§ INSTRUCTIONS TO FOLLOW
In your copy, reproduce each entry exactly and include no picture.

§ MATERIAL PROVIDED
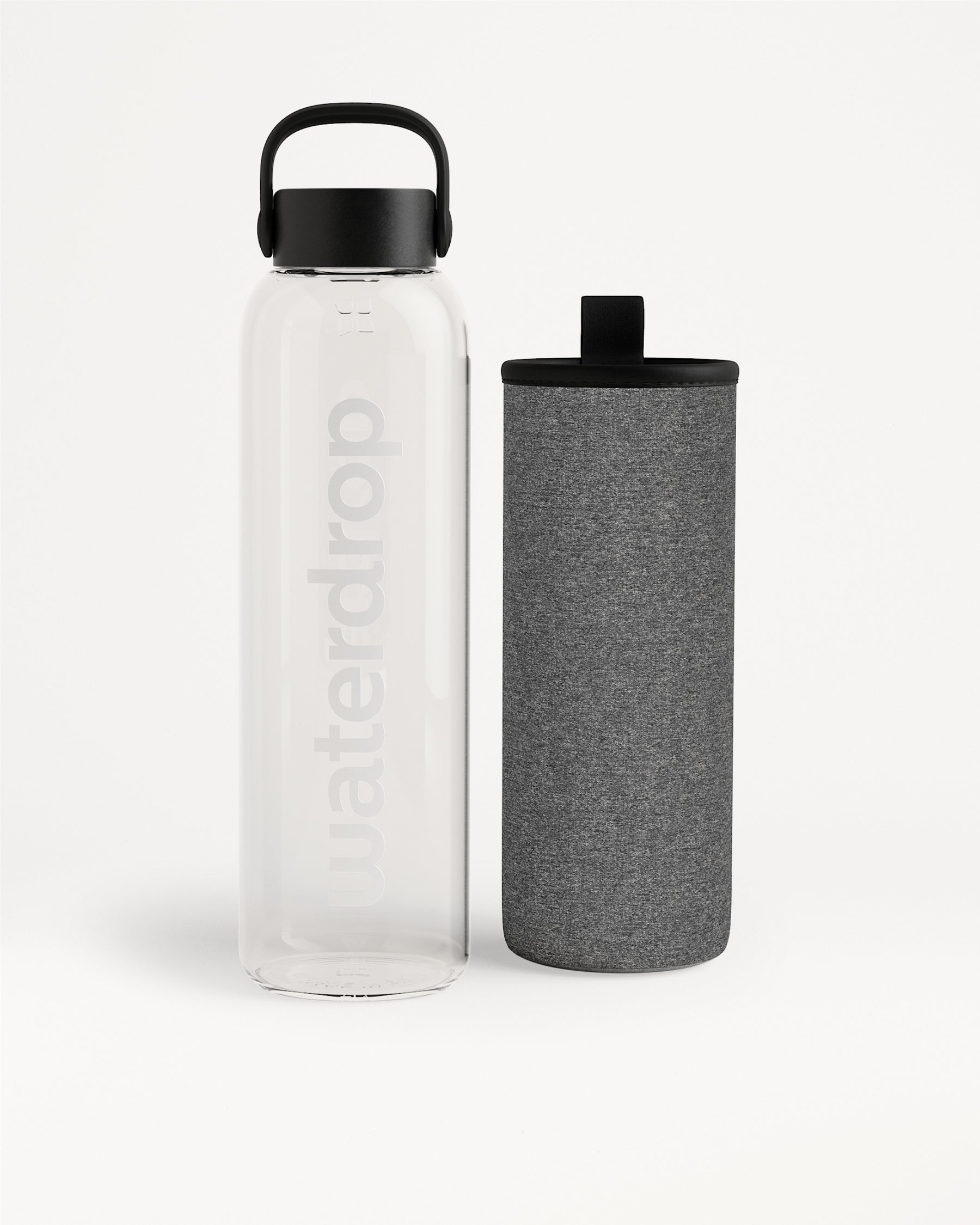 waterdrop® Staklo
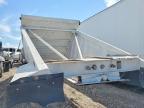 2007 Unknown 2007 Construction Trailer Specialist Bottom Dump T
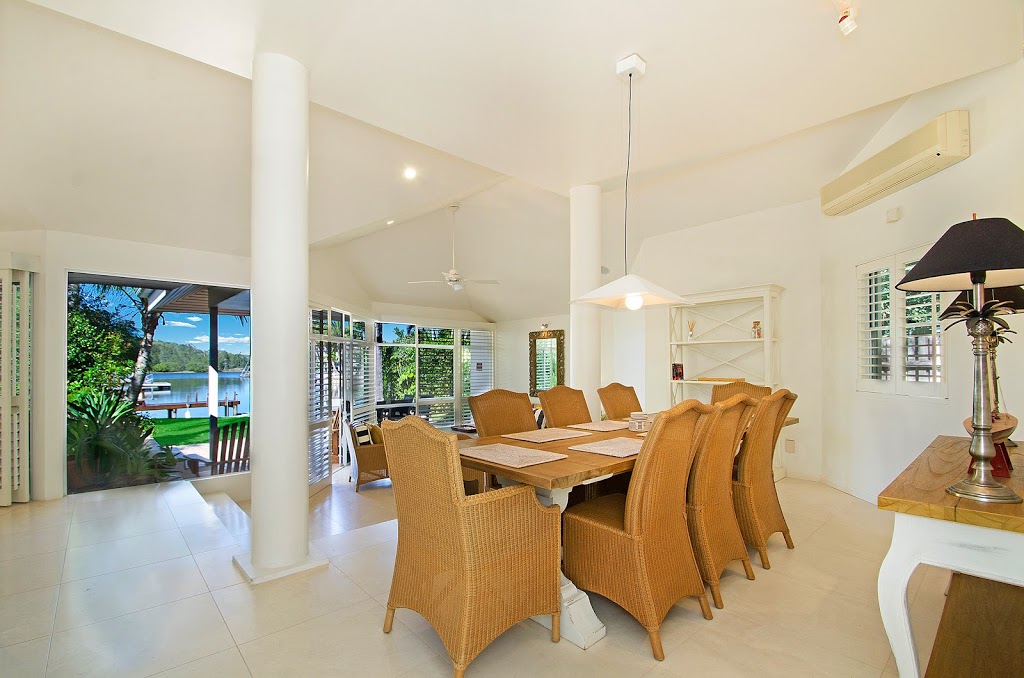 43 Cooran Court | 43 Couran Court, Noosa Heads QLD 4567, Australia | Phone: (07) 5447 3444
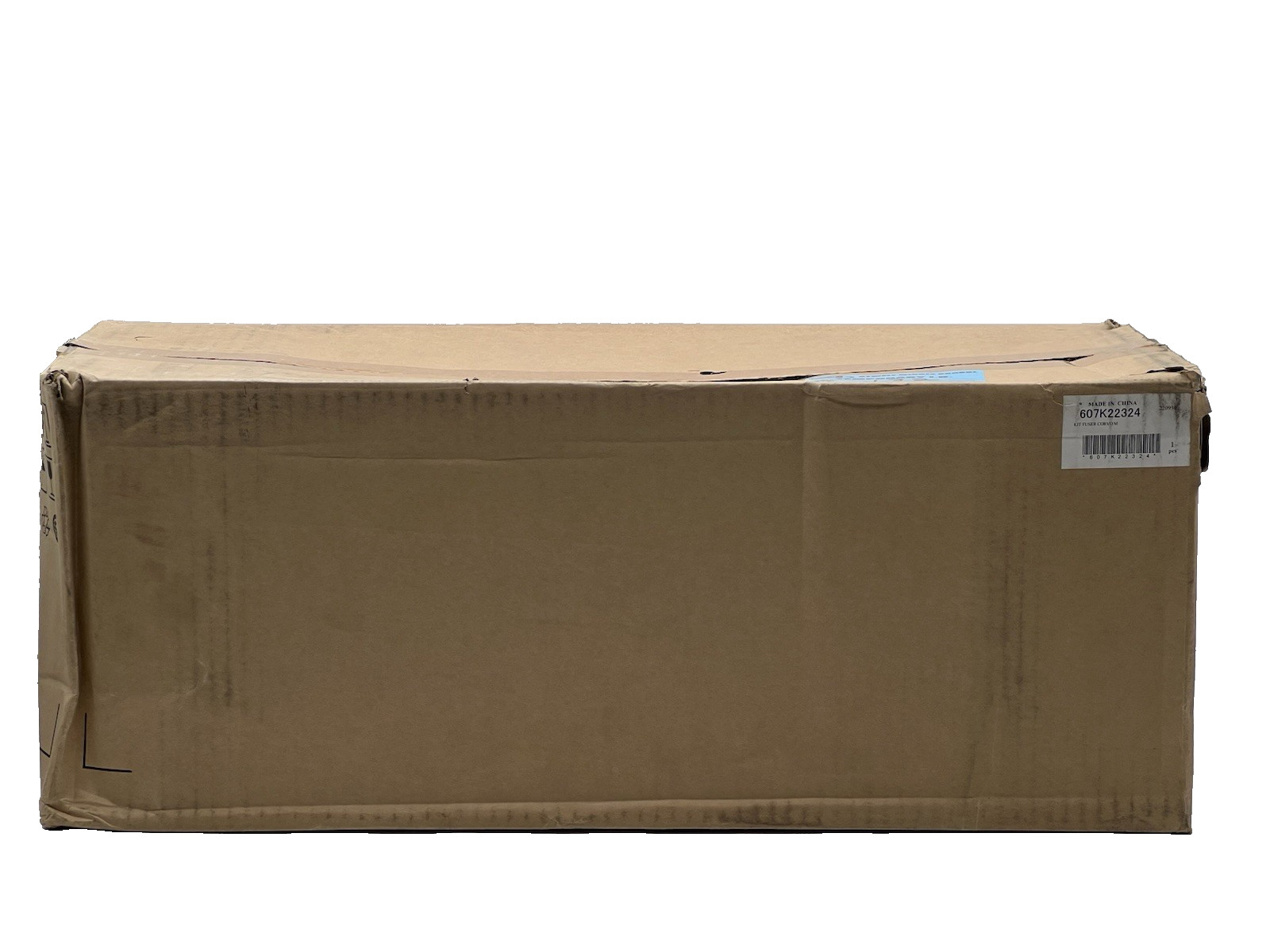 Xerox 607K22324 (Mid-Speed) Fuser Unit-Open Box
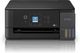 brother DCP-L2520D IND Multi-function Monochrome Laser Printer (Black Page Cost: 1.5 Rs.) Print, Copy & Scan, Auto Duplex, Up to 30 PPM Mono, Yield: Up to 2,600 Black Pages (Toner Cartridge, 1 Toner Cartridge Included) - Image 3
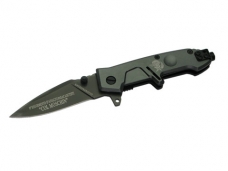 Extrema Ratio Opening Pocket Knife (MF2 D29)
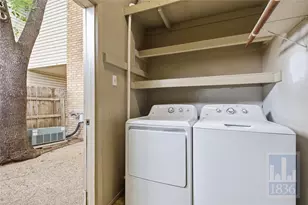 8400 Jamestown Dr, Austin, TX 78758 - Photo 22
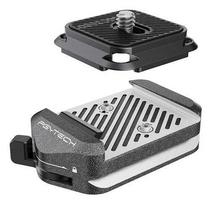 PGYTECH P-CG-188 Quick Release Clamp and Plate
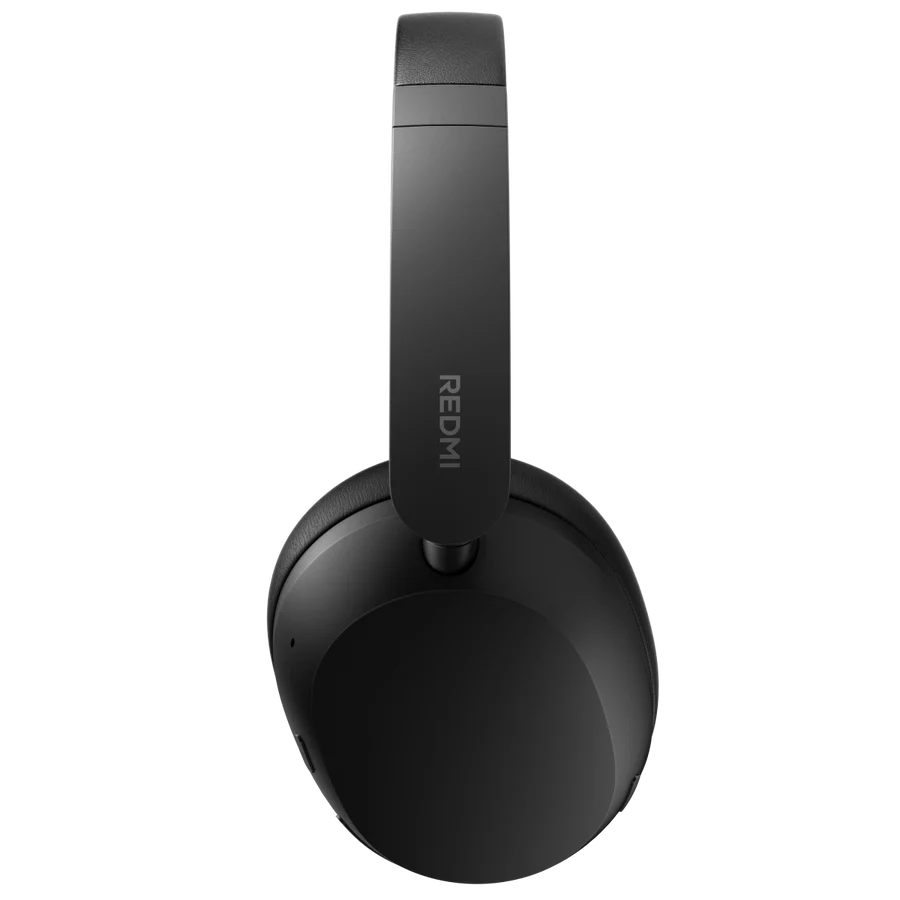 Redmi Headphones Neo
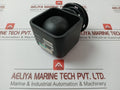 Nr-18Ks Horn Speaker 1200–7000 Hz Monacor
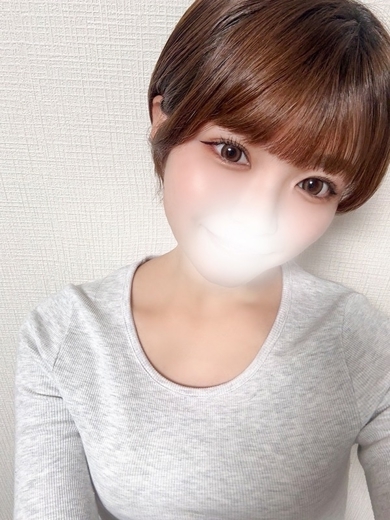 どMばすたーず　群馬　高崎店 デリヘル NAYU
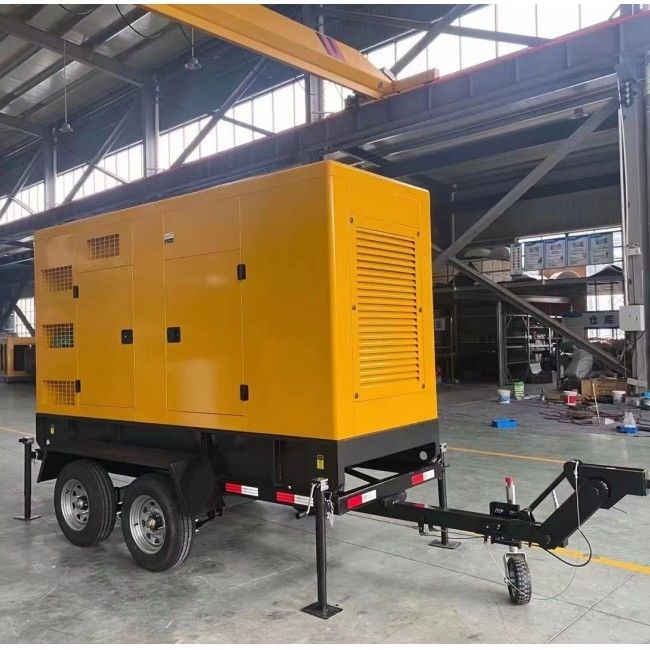 รถบัสเครื่องยนต์ดีเซล EURO 3 ขนาด 12 เมตร 49 ที่นั่ง สำหรับบริการทัวร์เมืองและรถโค้ชท่องเที่ยว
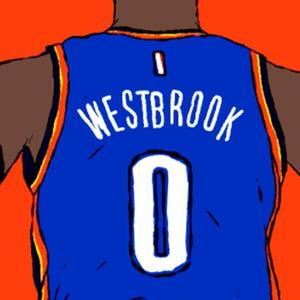 WESTBROOK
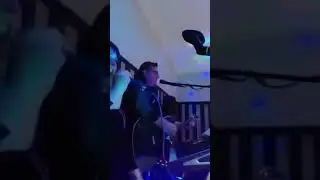 duo Dynamics band v P&iacute;sku - Srdce v ruce m&aacute;m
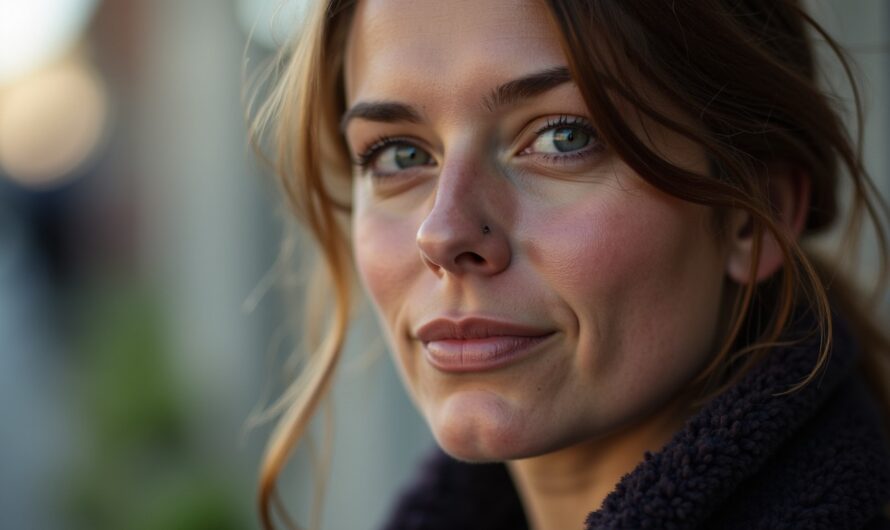 Explorer Riga : votre guide pour comprendre la culture lettone et rencontrer des femmes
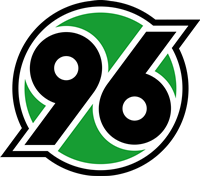 Wappen Hannoverscher SV 96 - Frauen  35433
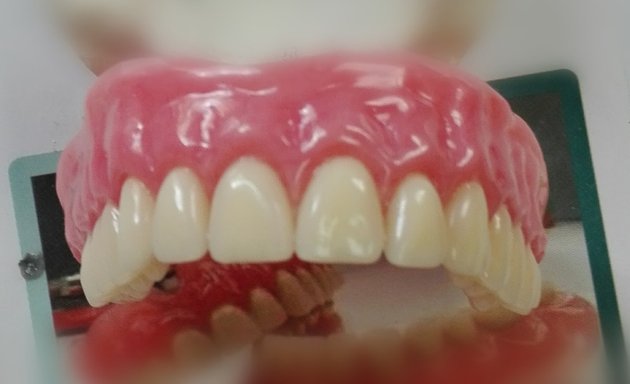 Foto de Laboratorio Yada Dental
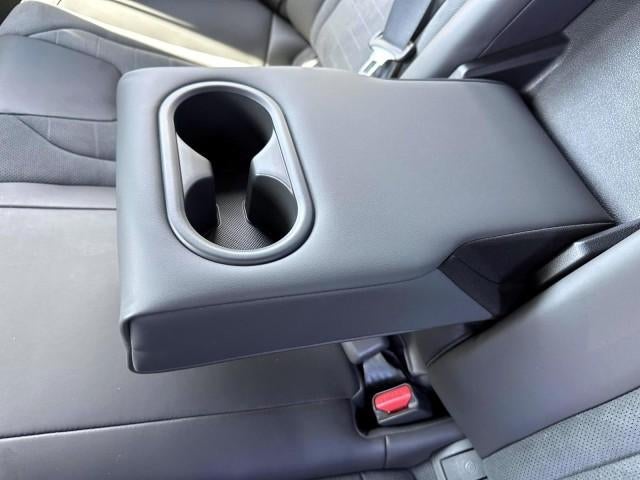 2023 Hyundai SONATA N Line 2.5T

§ RESPONSE
 waterdrop® Staklo
 2007 Unknown 2007 Construction Trailer Specialist Bottom Dump T
 43 Cooran Court | 43 Couran Court, Noosa Heads QLD 4567, Australia | Phone: (07) 5447 3444
 Xerox 607K22324 (Mid-Speed) Fuser Unit-Open Box
 brother DCP-L2520D IND Multi-function Monochrome Laser Printer (Black Page Cost: 1.5 Rs.) Print, Copy & Scan, Auto Duplex, Up to 30 PPM Mono, Yield: Up to 2,600 Black Pages (Toner Cartridge, 1 Toner Cartridge Included) - Image 3
 Extrema Ratio Opening Pocket Knife (MF2 D29)
 8400 Jamestown Dr, Austin, TX 78758 - Photo 22
 PGYTECH P-CG-188 Quick Release Clamp and Plate
 Redmi Headphones Neo
 Nr-18Ks Horn Speaker 1200–7000 Hz Monacor
 どMばすたーず　群馬　高崎店 デリヘル NAYU
 รถบัสเครื่องยนต์ดีเซล EURO 3 ขนาด 12 เมตร 49 ที่นั่ง สำหรับบริการทัวร์เมืองและรถโค้ชท่องเที่ยว
 WESTBROOK
 duo Dynamics band v P&iacute;sku - Srdce v ruce m&aacute;m
 Explorer Riga : votre guide pour comprendre la culture lettone et rencontrer des femmes
 Wappen Hannoverscher SV 96 - Frauen  35433
 Foto de Laboratorio Yada Dental
 2023 Hyundai SONATA N Line 2.5T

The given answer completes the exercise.